*Instructions to follow*
Starting with the line that contains "9 APRILE 1995 - MUORE PAOLA BORBONI" and ending with the last line of the listing, print each line exactly. Pictures stay out.

*The data*

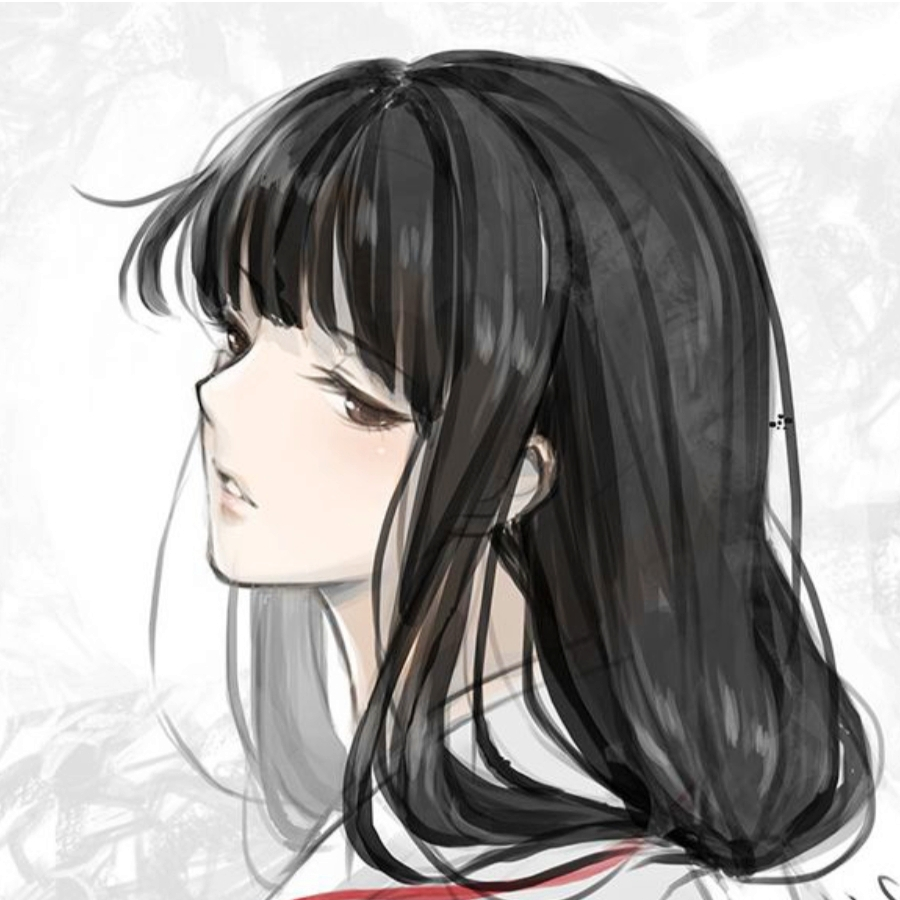 光明使者丶时不时惩戒魅魔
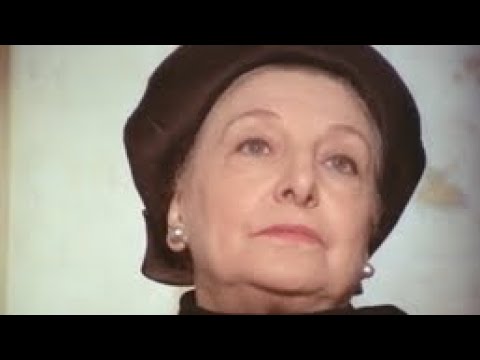 9 APRILE 1995 - MUORE PAOLA BORBONI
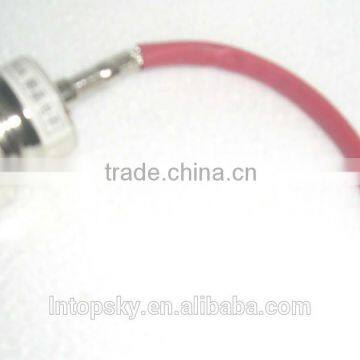 tower crane spare parts diode electrical components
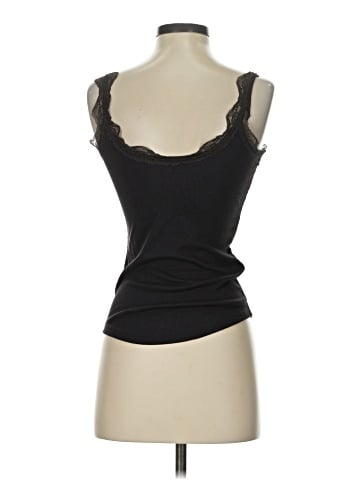 Gap Body Sleeveless Top (view 2)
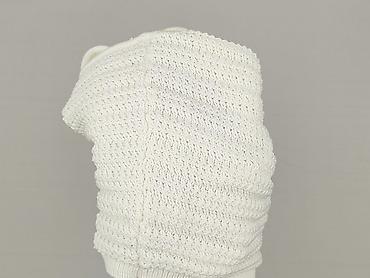 answer bluzki: H&M, Top damski, rozmiar M — 6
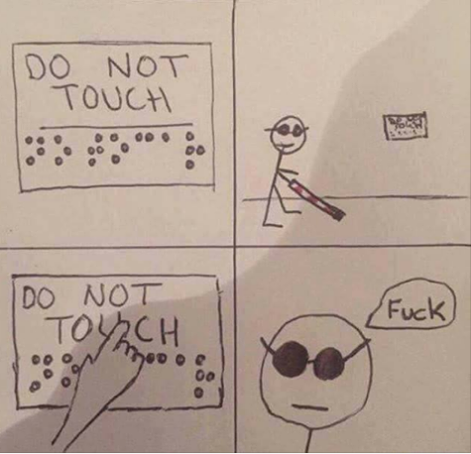do not touch.png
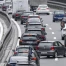Embouteillages majeurs au tunnel du Gothard sur l'autoroute A2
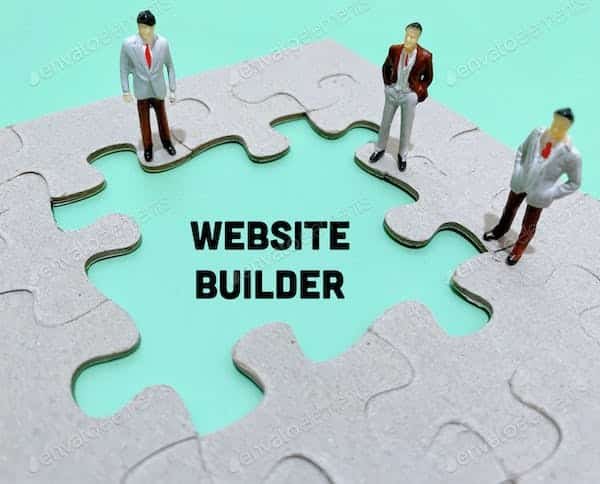 Créer un site internet : quel impact sur son business ?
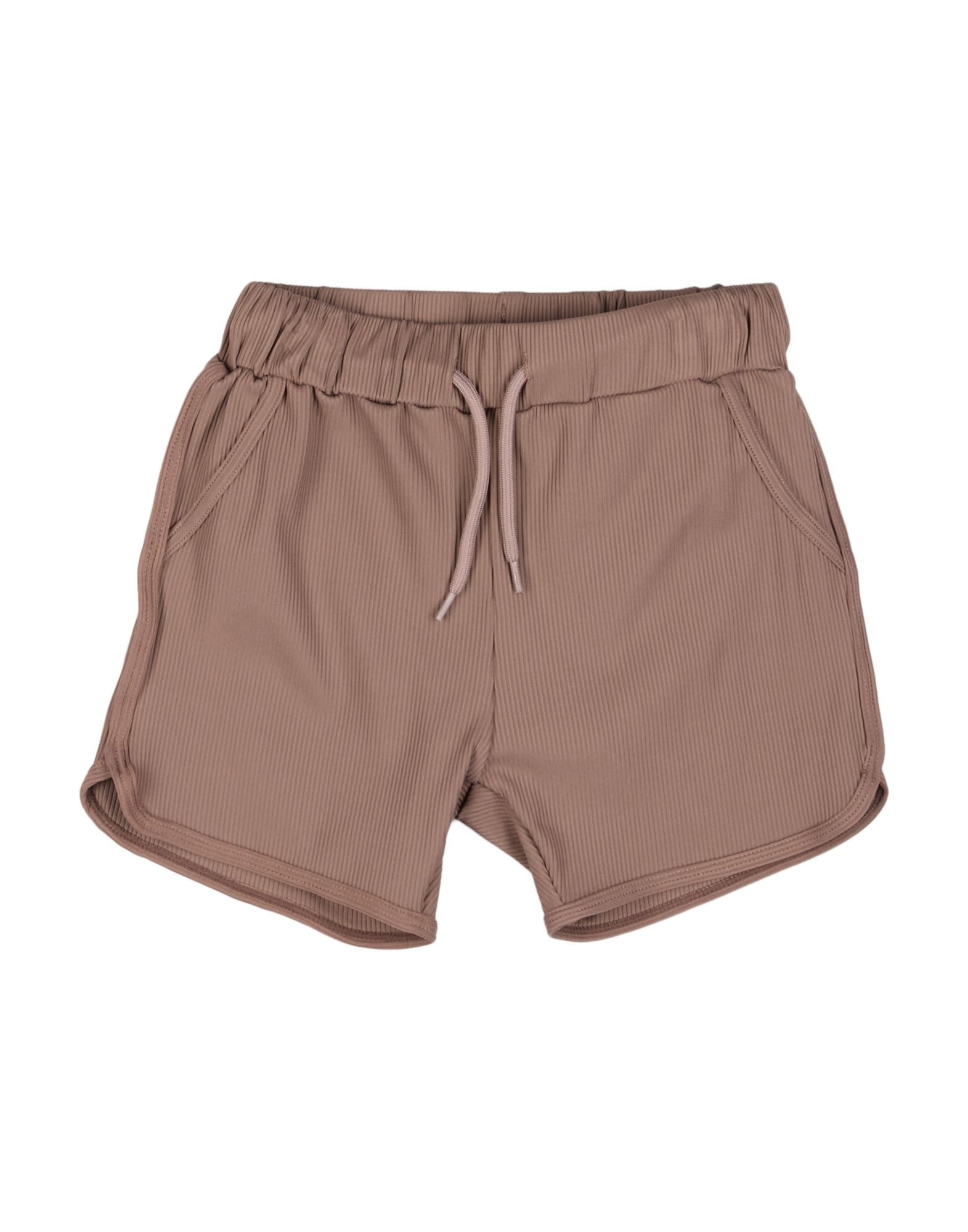 LIL' ATELIER - Swim trunks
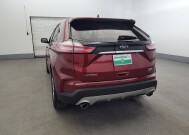 2019 Ford Edge in Owings Mills, MD 21117 - 18141773 6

*Answer section*
 9 APRILE 1995 - MUORE PAOLA BORBONI
 tower crane spare parts diode electrical components
 Gap Body Sleeveless Top (view 2)
 answer bluzki: H&M, Top damski, rozmiar M — 6
do not touch.png
Embouteillages majeurs au tunnel du Gothard sur l'autoroute A2
 Créer un site internet : quel impact sur son business ?
 LIL' ATELIER - Swim trunks
 2019 Ford Edge in Owings Mills, MD 21117 - 18141773 6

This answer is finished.